I sent a patch to correct that [1].

> Anyway, with the attached debug patch, I can confirm, that only 128 KB
> are used. That could explain the lost messages. The serial log is attached.

The reason for the different behavior of some of the 16 CPU systems is,
that these are two socket systems, and the Skylake systems also seem to
have a lot more PCI devices.

$ lspci | wc -l
281

> On other systems, like my laptop with just four CPUs, despite the 128 KB
> limit, the size of the stored messages is bigger.
>
>     $ grep BUF_SHIFT /boot/config-5.7.0-2-amd64
>     CONFIG_LOG_BUF_SHIFT=17
>     CONFIG_LOG_CPU_MAX_BUF_SHIFT=12
>     CONFIG_PRINTK_SAFE_LOG_BUF_SHIFT=13
>
> But the size of `/dev/kmsg` is 301393 bytes.

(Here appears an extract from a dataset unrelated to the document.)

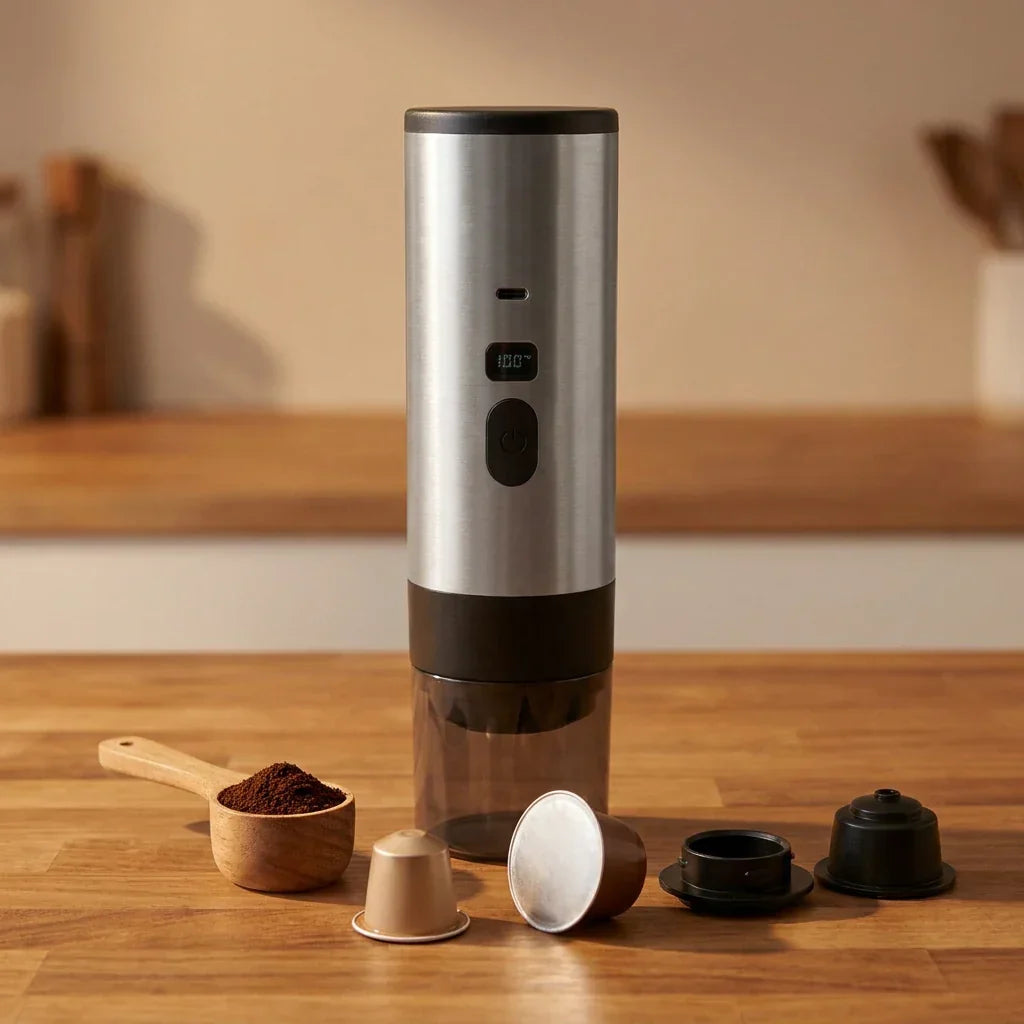 Portable Capsule Coffee Machine with Display – Grey, 90 ml – compatibility and adapters
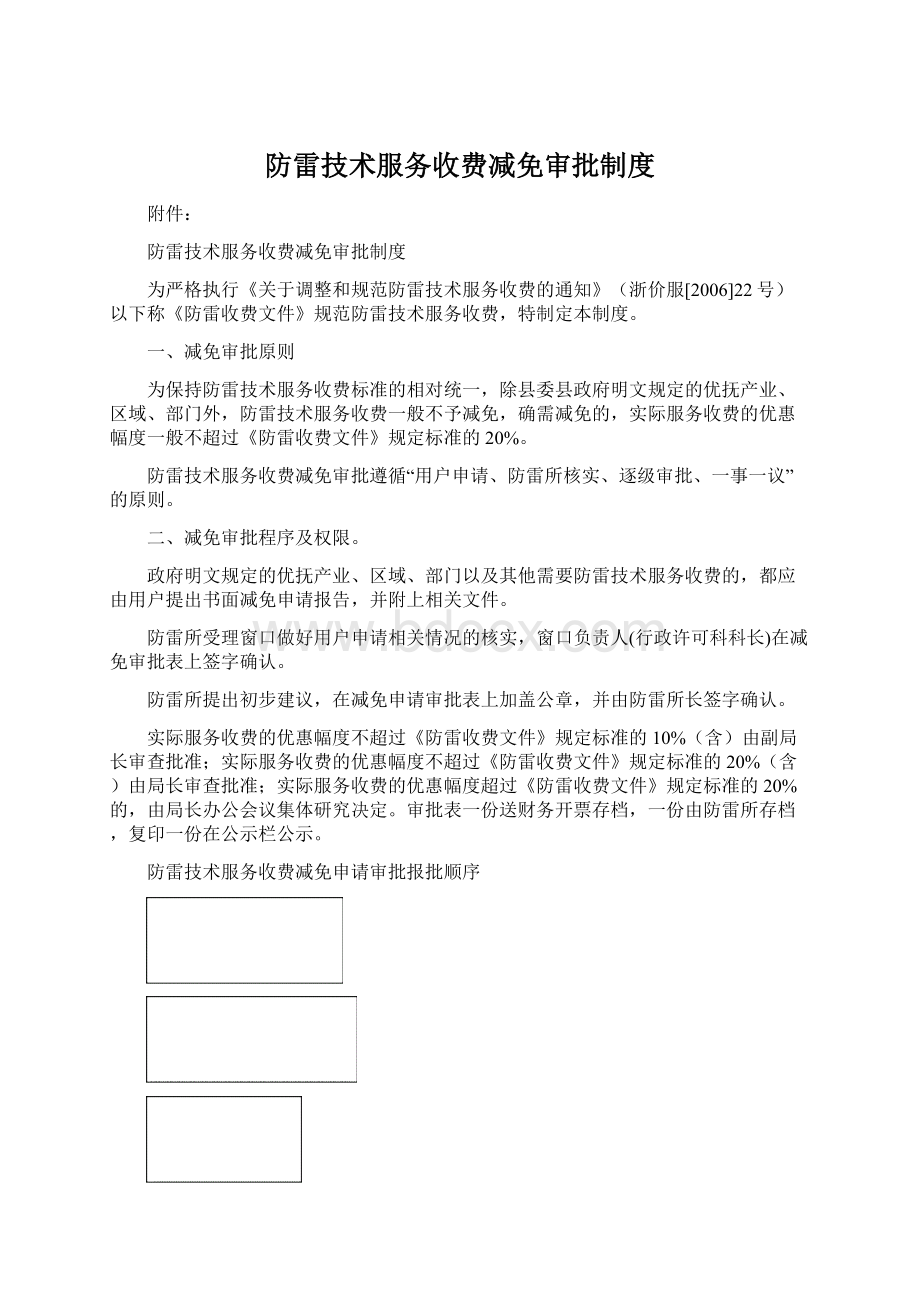 防雷技术服务收费减免审批制度.docx_第1页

I missesd, that I have `log_buf_len=8M` set on the laptop. (Sorry for
the noise.)

> So I wonder, what knobs decide, when the buffer is wrapped, and messages
> are lost. I also wonder, why the systemd journal does not contain all
> Linux kernel messages.
>
> Lastly, should the default buffer size be increased from 128 KB to 512
> KB as today machines should have enough room?

I am going to send a patch for that.


Kind regards,

Paul


[1]: https://lkml.org/lkml/2020/8/11/110